If the government needs a basic lesson in market economics, and I think it does, it just has to look at what’s happening to the tobacco industry.

Smoking the Budget
Photo by Uitbundig / Unsplash

Now I’m no shill for big tobacco but driving the price of a pack of cigarettes up to $50 doesn’t make much economic sense.

Realistically, who can afford to pay that much to feed the daily nicotine addiction? Sure, it might drive some people to quit but it also drives an awful lot more to alternative nicotine delivery systems.

Those alternatives are often illegally obtained and hence the government misses out on the tax revenue that made  legal tobacco unaffordable.

Tobacco retailers are reporting that business is so bad that the federal budget could take a $5 billion hit.

Some might think that’s fantastic. Fewer smokes sold mean fewer people smoking and fewer of the associated health consequences.  

That’s the theory any way but it doesn’t actually work like that.

Instead, many consumers are now buying illicit tobacco – known as chop-chop. It’s cheaper and readily available.

Tobacco retailers say the illegal tobacco trade costs the government up to $3.5 billion in lost excise every year.

The Australian Tax office says that the problem isn’t quite that bad.  While it collects over $14 billion in excise annually, it estimates the 1234 tonnes of illegal illegal tobacco sold, costs the budget nearly $2 billion.

The reason there is a market for illicit tobacco is because of price. If cigarettes weren't so expensive, thanks to exorbitant taxes, the illicit market would likely dry up.
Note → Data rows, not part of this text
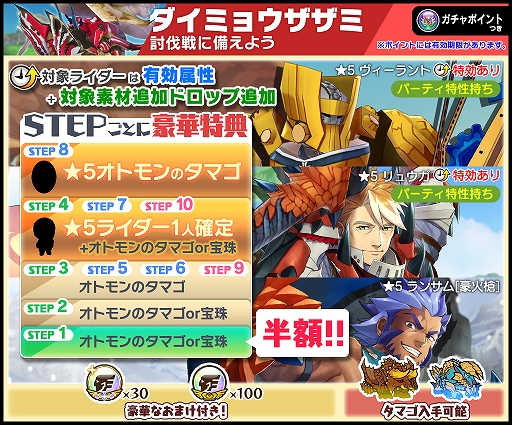 ���������꡼ No.004�Υ���ͥ������ / �֥�󥹥����ϥ󥿡� �饤�������ס�ƤȲ���Ŵ�ɤν⳪ �����ߥ祦�����ߡɤ��ۿ���������������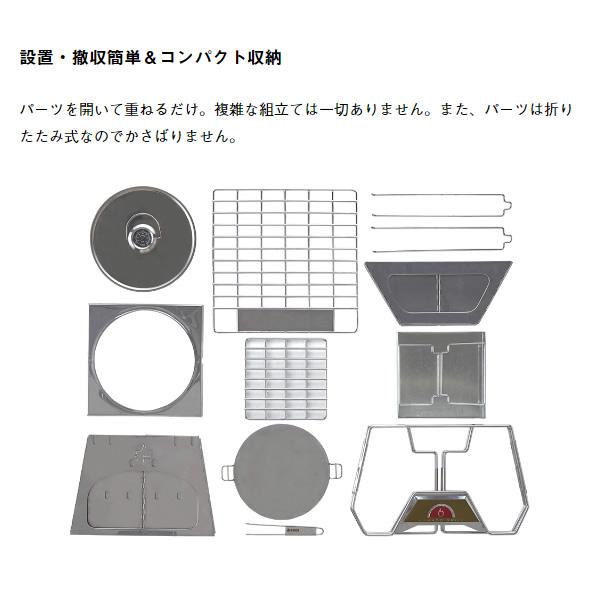 グリル 焚火 キャンドル 窯 多機能万能調理グリル LOGOS THE KAMADO Emiwa LOGOS ロゴス 81064160/srm｜gioncard｜07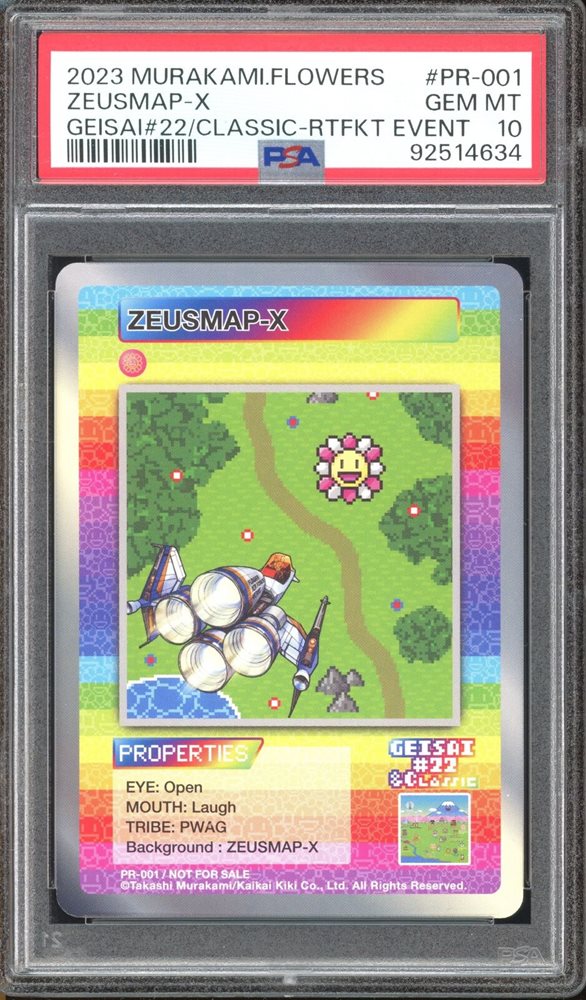 eBay Auction Item 285966405044 Non-Sport Cards 2023 Geisai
But cigarette taxes are hugely lucrative for government. A 2016 report on tobacco harm minimisation found:

"From a purely financial perspective, the Australian Government in 2015/16 raised more revenue in tobacco excise ($9.8 billion) than it lost through smoking attributable costs and loss of other revenue ($2.2 billion)."

Tobacco retailers say there’s also a strong move toward vaping or electronic cigarettes. This too is illegal which makes little sense for several reasons.

Firstly, vaping is everywhere already and almost impossible to stop now. Far better to regulate it and gain some government revenue from the supply.

Studies show vaping is also less harmful than cigarettes. That doesn’t mean it’s safe, just that scientists think it does less damage to your health.

A US study of lung injuries and deaths associated with vaping , confirmed 2,807 cases of e-cigarette or vaping use-associated lung injury (EVALI) and 68 deaths attributed to that condition.

However, they went on to say that:

“These cases appear to predominantly affect people who modify their vaping devices or use black market modified e-liquids. This is especially true for vaping products containing THC.”

THC is the psychoactive constituent of cannabis.

A lot of former smokers also say that the move to vaping has been a step on the way to quitting the habit altogether.

It's just a pity they have to break the law to do it.

Retailers claim that vaping is already a $2 billion national market in Australia and 90% of that is currently sold via dodgy operators, online or through social media.

So, what’s the answer to potentially reducing smoking rates while also allowing the government to gaining  revenue and minimising the harm from tobacco use?

All rational roads lead to vaping as being the better choice. Regulate it, tax it and use it to continue the campaign to get people off tobacco.

It’s not the perfect solution but then again nothing is in this world is. That doesn't mean we should let the perfect be the enemy of the good.